We all perform better when we feel respected and valued for who we are and what we contribute. In other words, we all want to work in an inclusive environment. In these challenging ‘remote times’ it is even more important to practice caring, collaborative and inclusive leadership.
Why is Inclusion so Important?
With globalisation, clients, customers, suppliers and employees are all becoming increasingly diverse. We know that diversity has the potential to produce great results but we also know that diversity can only thrive in an inclusive environment. Numerous studies (from Deloitte, PWC, McKinsey and the World Economic Forum to name a few) report the positive impact of embracing diversity and providing an inclusive environment for all employees. These benefits include higher employee engagement, more creativity and innovation, holistic decision making and problem solving, better products and services, more market penetration, access to a wider talent pool and ultimately overall improved performance.
How to Create Inclusive Organisations? The Roadmap to Inclusive Organisations
We have developed a roadmap consisting of six practical stages to help organisations create an inclusive culture. We believe following a clear roadmap similar to the one suggested here will help keep things on track and guide organisations. The first five roadmap stages are general steps, while the sixth stage is specific to the needs of each area of diversity.
- Building awareness and the business case and commitment for D&I
Inclusion starts with (and is highly dependent on) the commitment of the senior executive team. Making senior leaders aware of the benefits of inclusion is important for gaining this commitment.
- Basics for individuals: Practical “Subconscious Bias”, and “Developing an inclusive leadership style” programs
Once leaders are onboard, subconscious biases need to be addressed both at an individual and organisational level. Ideally all employees go through very practical and action oriented subconscious bias programs followed by programs supporting leaders developing a more inclusive leadership style. These programs need then to be re-enforced through regular follow-up to ensure sustainable behavioural change.

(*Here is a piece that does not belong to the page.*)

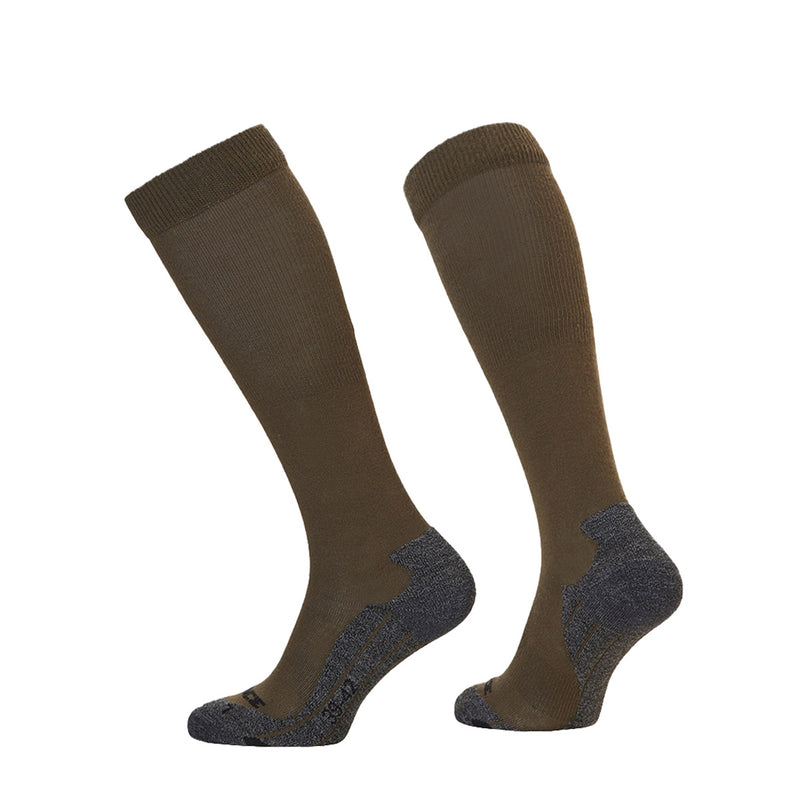 Rovince Long Shield Socks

- Basics for organisations: De-biasing organisational policies & practices, considering both internal and external stakeholders
Inclusive organisations continually re-evaluate their policies and practices to ensure they are bias free and provide opportunities for all employees to thrive. In addition to focusing on their employees, truly inclusive organisations also drive inclusion through their products and services as well as their interactions with external stakeholders.
- Involving diverse groups and levels of employees and external stakeholders
Throughout the process, it is essential to involve and consult diverse groups of stakeholders while setting up new, or modifying existing, policies and procedures.
- Flexible work arrangements for all
Introducing and encouraging flexible work arrangements benefits all employees, regardless of their gender, age and/or nationality, as it provides the opportunity for wider participation of the diverse population in the workforce. This could be especially powerful for female executives who may have left the workforce to start and raise a family.
- Specific interventions for diverse groups of employees and external stakeholders: Gender, culture, generations, etc.
(See examples of specific suggestions below)
THE ROADMAP TO GENDER EQUALITY IN ORGANISATIONS
Here are some examples of specific actions organisations can take in the areas of gender and cultural diversity.
- Focus on competent and gender-diverse hires and promotions. Set KPIs, targets for recruitment, promotion and succession planning. Use percentage growth goals rather than absolute number goals. This will help measure progress as well as keep leaders accountable.
- Use panels for hiring and promotion decisions to minimise the impact of subconscious biases.
- Provide extra career support for women by mentoring, sponsorship and gender-specific targeted leadership programs.
- Provide basic cultural awareness courses for all.
- Make country- and/or region-specific cultural training mandatory for all employees assigned to a foreign country.
- Provide cultural mentoring and coaching opportunities for high potential talent so that they can match headquarters’ and higher level management’s expectations regarding leadership behaviour.